Признание

В начале, видишь ли, я собирался
сказать слова, чтоб что-нибудь сказать,
а дальше, дальше можно было
прибавить к тем словам еще другие
обмолвиться об именах, пролить
немного света с самого начала
порассуждать о темноте и свете
назвать свет днем, к примеру,
ночью - темень, и обозначить сверху небо снизу землю,
границей между ними можно твердь
поставить будет, трудно,
иначе разобрать где небо,
а где земля, затем о небе
возможно будет многое сказать,
тогда как сумрачную землю
не только трудно обойти,
порою даже трудно оглянуться вспять.
Я пробовал назвать началом,
само начало, чтобы от него
попробовать шагнуть куда-то далее,
вовне, где мог бы появиться человек,
допустим я, ведь если бы
мне взять пришлось кого другого
я вынужден тогда бы был
и чувствовать и думать за него,
как если бы он мне приснился,
и обращение к тебе теряло б  смысл,
но может быть тебе случалось
самой себе приснится иногда,
мне - нет, отсюда невозможность
прикрыть свое существование кем-то
иным, кого в начале можно встретить. 
Не может сам себя назвать глагол,
и вызвать к жизни действие, хотя,
пожалуй нечто в этом роде, порой случается,
тогда бездушные глаголы в безымянной бездне
оставшись в небытии без сущностей своих
начнут безумствовать, представь себе, стихийность обретая
слепых, свирепых делателей нечта,
титанов и сторуких бриареев. Этот образ
я подобрал в попытке показать
возможность действия  без цели и субъекта.

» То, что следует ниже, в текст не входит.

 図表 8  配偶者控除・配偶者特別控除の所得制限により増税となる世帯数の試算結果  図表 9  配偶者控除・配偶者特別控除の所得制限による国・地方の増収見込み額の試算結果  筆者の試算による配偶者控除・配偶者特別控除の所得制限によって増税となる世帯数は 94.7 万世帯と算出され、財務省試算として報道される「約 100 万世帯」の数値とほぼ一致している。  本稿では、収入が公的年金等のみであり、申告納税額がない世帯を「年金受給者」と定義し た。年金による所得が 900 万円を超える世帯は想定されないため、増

Как если бы самим собой свершалось нечто,
случайное бессмысленное действо,
берущее в себе самом свое начало
не знающее формы или ритма. Можно ль утверждать,
что никогда и ничего само собою
не может статься? Но одна из титанид
настойчиво влекущая друг к другу
гипотетически возможные тела и даже
иные сущности, или же напротив,
друг ото друга гонящая их,
сильнейшая из всех пожалуй даже,
способна, говорят, из ничего,
самой собою только наполнять
и созидать несчетные миры, такое мнение,
бытует в совершенно разных, далеких друг от друга
построениях. Ты слышала, быть может про нее
не может перестать она, не может
творить бесчинства разные, но то
не стоит принимать за слабость
не превозносится она и не кичится,
не может ослабеть никак, стремится
самой собою заменить ничтожность
и ужасы обыденности жизни,
не восторгается никчемной лжи
когда иные радостно гогочут
но радуется истине покуда
та не становится прибежищем зануд.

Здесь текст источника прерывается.